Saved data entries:

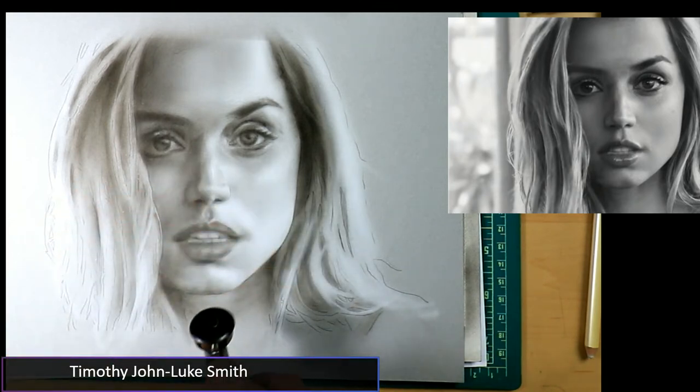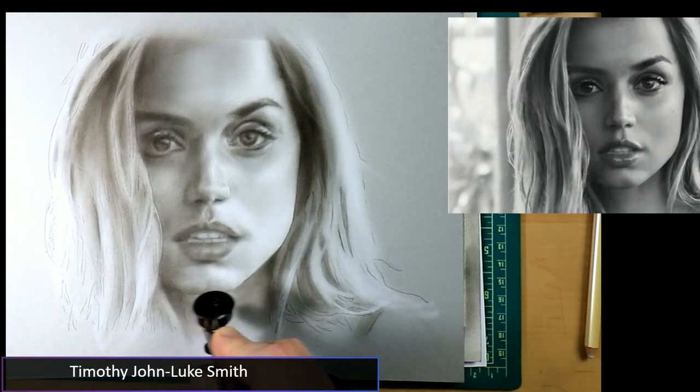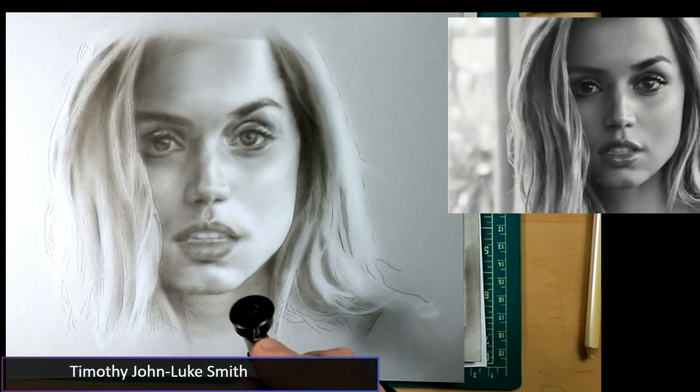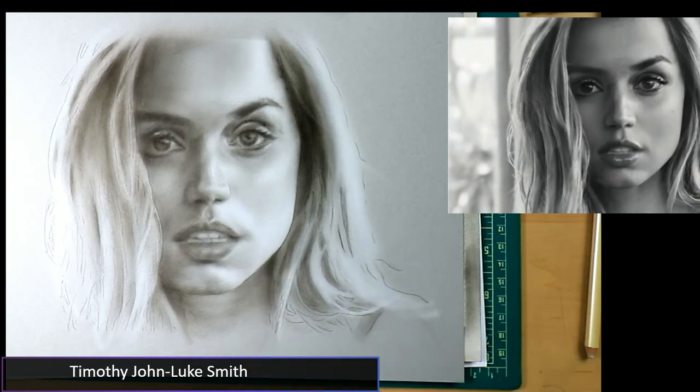We're going to look at the shapes and the edges at the same time. If it's a soft edge we're going to increase our distance from the surface. Remember you want to paint in three dimensions — you want the airbrush to do the hard work. Rather than lowering air pressure, just go a little further away from the surface and there you go — a really soft edge. With the light mixture right now, doing super subtle adjustments.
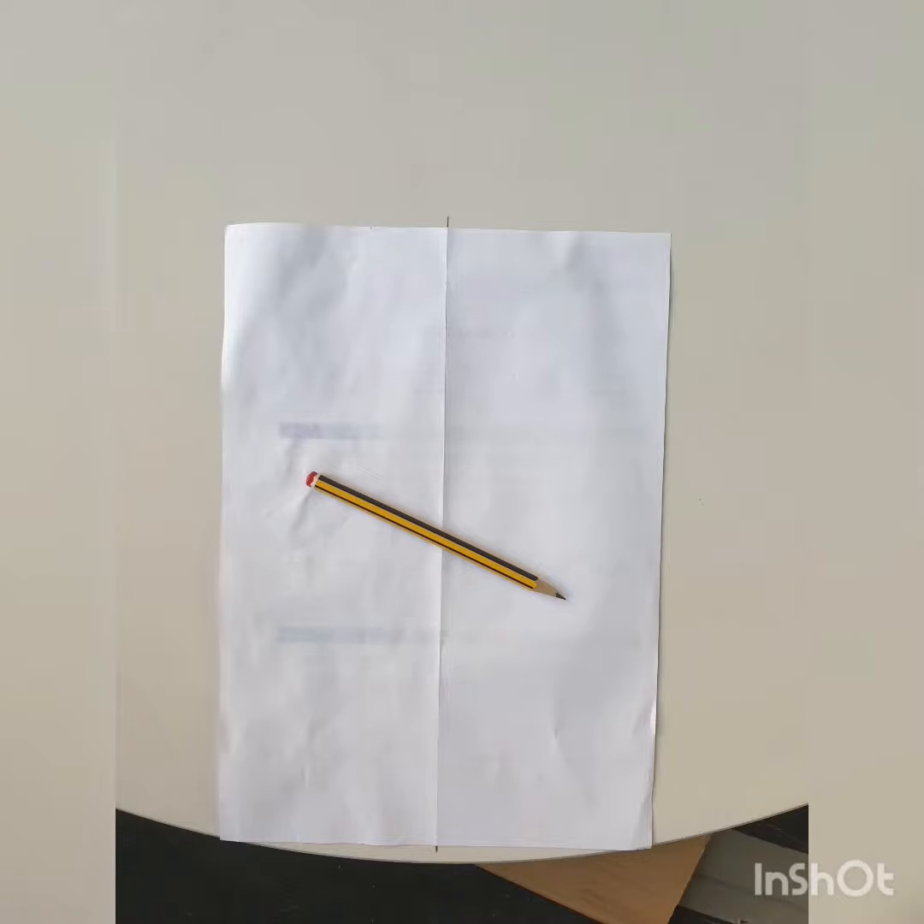Next I needed to find the centre of the circle. For this I just used some simple geometry, a piece of paper, a straight edge — which in my case was a spirit level — and a pencil.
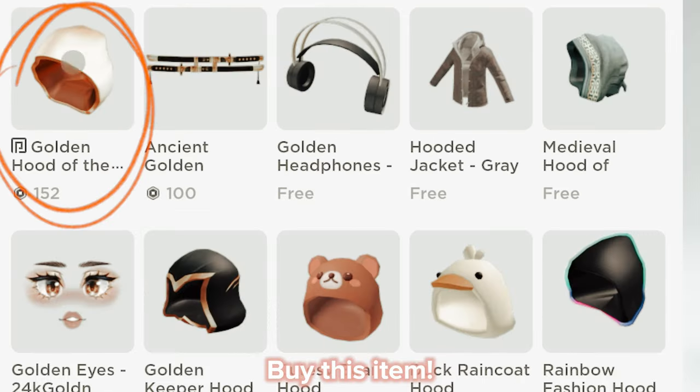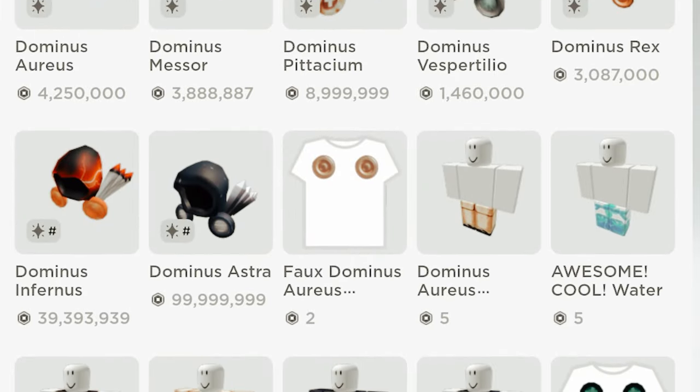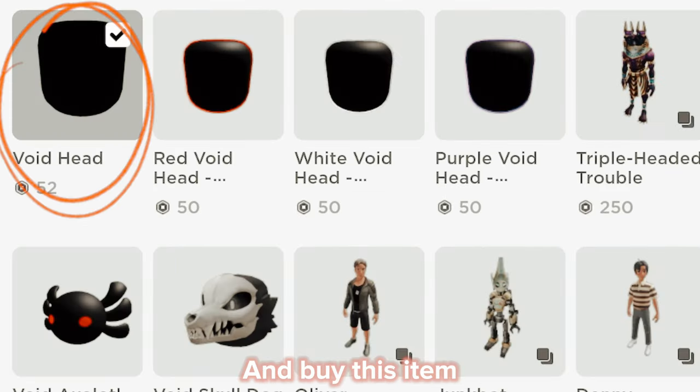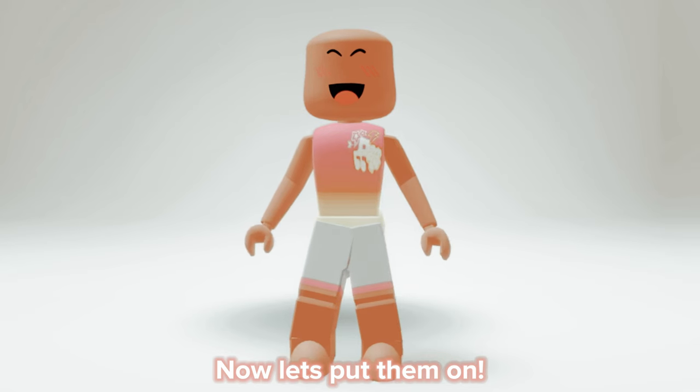Buy this item, then search up 'Dominus' and buy this item. Next, search up 'Centered Legrandite Shards' and buy this one. Lastly, search up 'Void Head' and buy this item. Now let's put them all on.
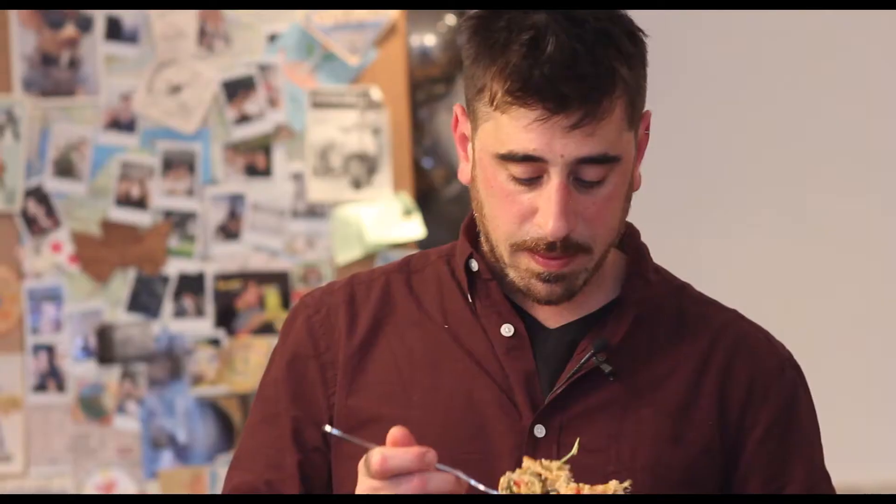I have to eat. Absolutely beautiful. Very crunchy. Look at that salad — very healthy.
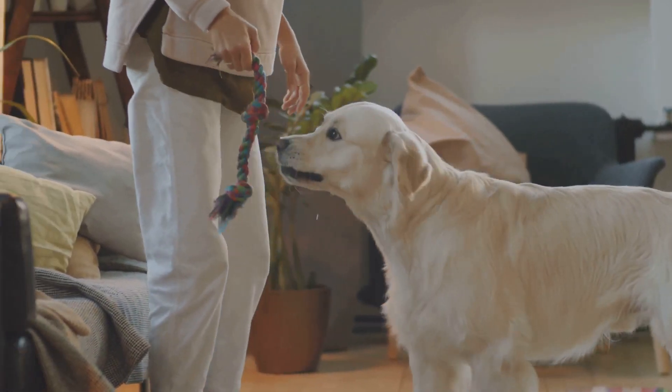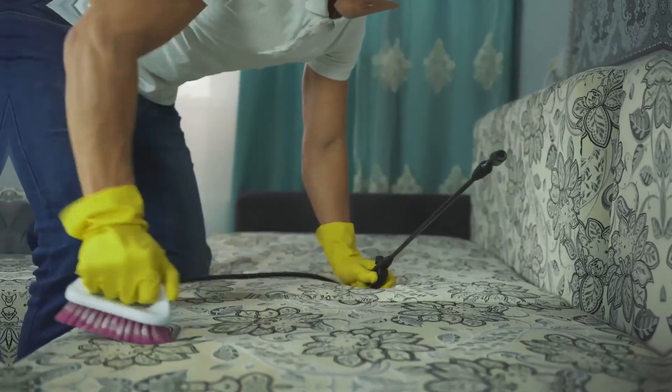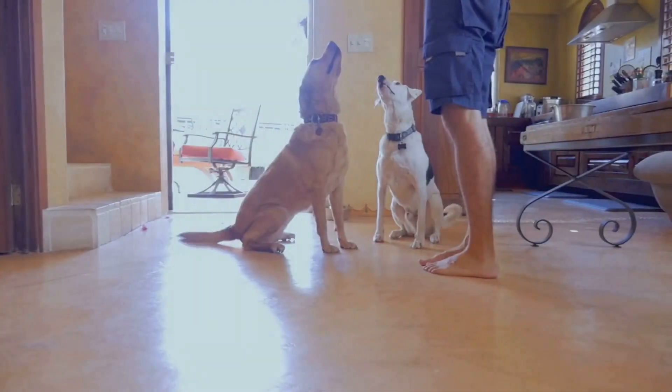Supervise your dog and redirect them to appropriate items. Use bitter sprays on off-limit items. Be consistent with training.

Your instructions: The records above, minus their pictures, are to be returned word for word.

Problem solution:
We're going to look at the shapes and the edges at the same time. If it's a soft edge we're going to increase our distance from the surface. Remember you want to paint in three dimensions — you want the airbrush to do the hard work. Rather than lowering air pressure, just go a little further away from the surface and there you go — a really soft edge. With the light mixture right now, doing super subtle adjustments.
Next I needed to find the centre of the circle. For this I just used some simple geometry, a piece of paper, a straight edge — which in my case was a spirit level — and a pencil.
Buy this item, then search up 'Dominus' and buy this item. Next, search up 'Centered Legrandite Shards' and buy this one. Lastly, search up 'Void Head' and buy this item. Now let's put them all on.
I have to eat. Absolutely beautiful. Very crunchy. Look at that salad — very healthy.
Supervise your dog and redirect them to appropriate items. Use bitter sprays on off-limit items. Be consistent with training.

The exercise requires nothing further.